[EXERCISE DATA]

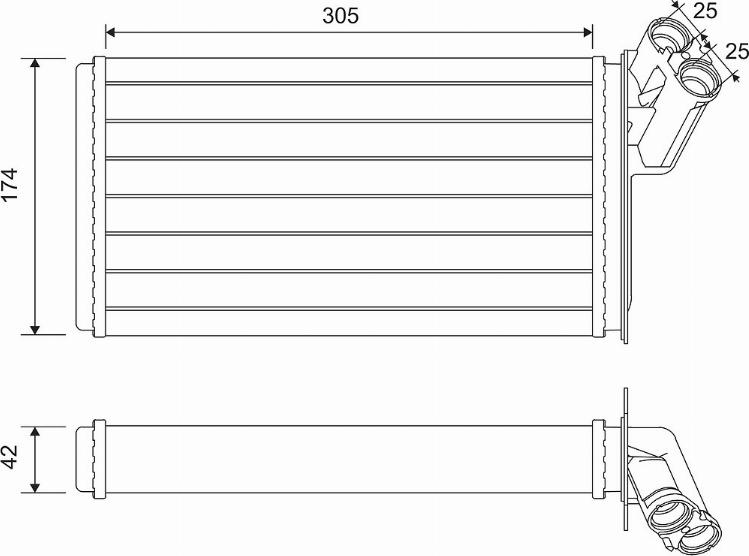 Valeo 812116 - Siltummainis, Salona apsilde ps1.lv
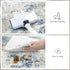 Set 2,Non Sink,Laundry,Home,Office,Desk(17"x29"+17"x47") LEEVAN Kitchen Mats Cushioned Anti Fatigue Blue of Slip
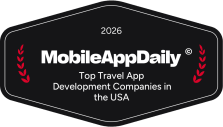 Top Travel App Development Companies in the USA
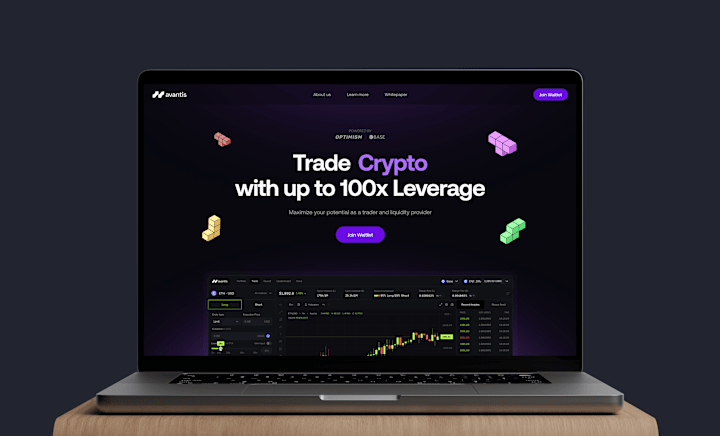 Cover image for Avantis Finance: Trading & Providing liquidity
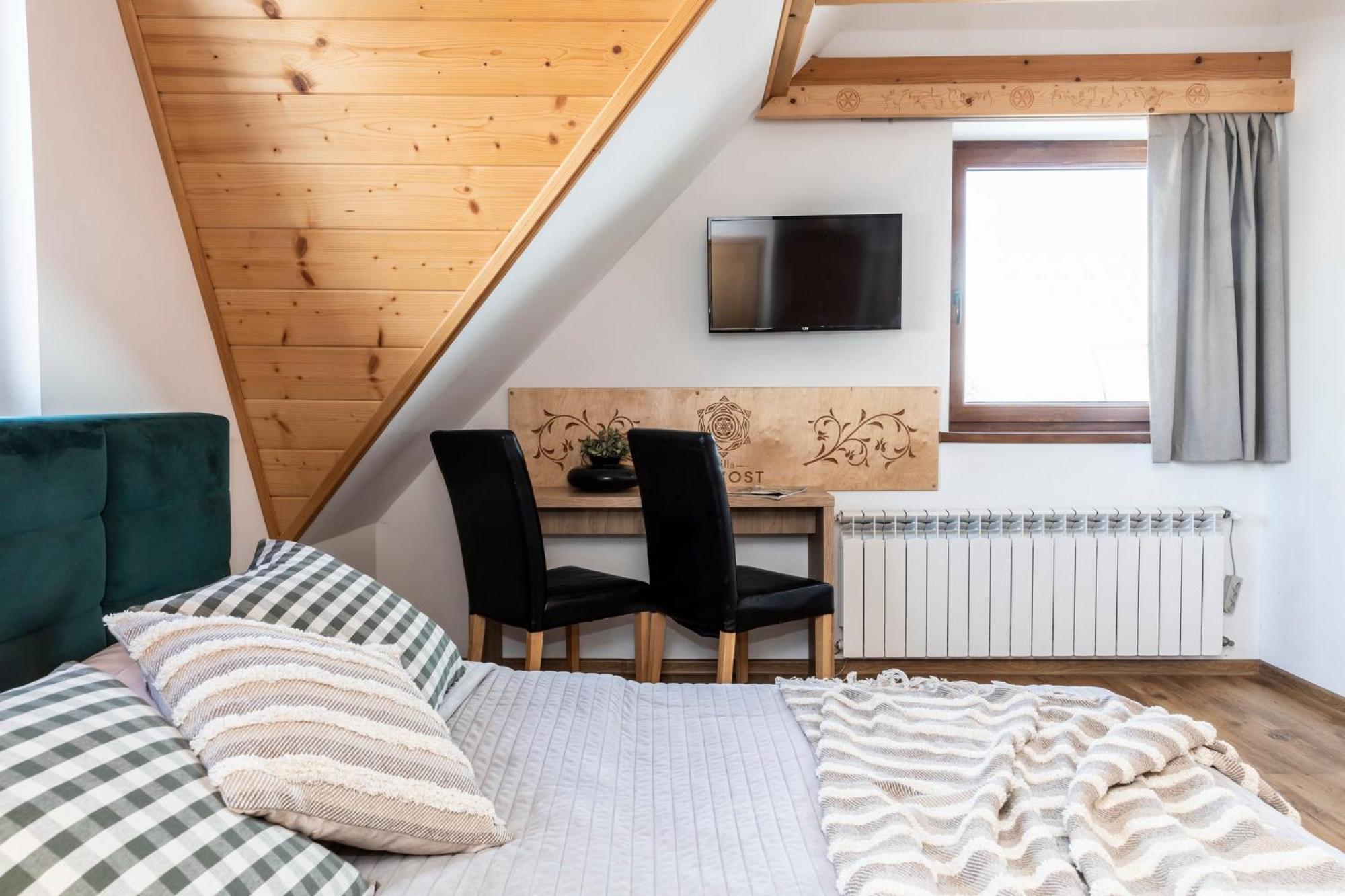 Willa Chwost Pokoje & Apartamenty W Bialym Dunajcu W Poblizu Zakopanego I Term Biały Dunajec Szoba fotó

[TASK]
Begin at the line containing "Cover image for" and write out every line to the end of the data exactly. Skip the pictures.

[THE COMPLETED TASK]
 Cover image for Avantis Finance: Trading & Providing liquidity
 Willa Chwost Pokoje & Apartamenty W Bialym Dunajcu W Poblizu Zakopanego I Term Biały Dunajec Szoba fotó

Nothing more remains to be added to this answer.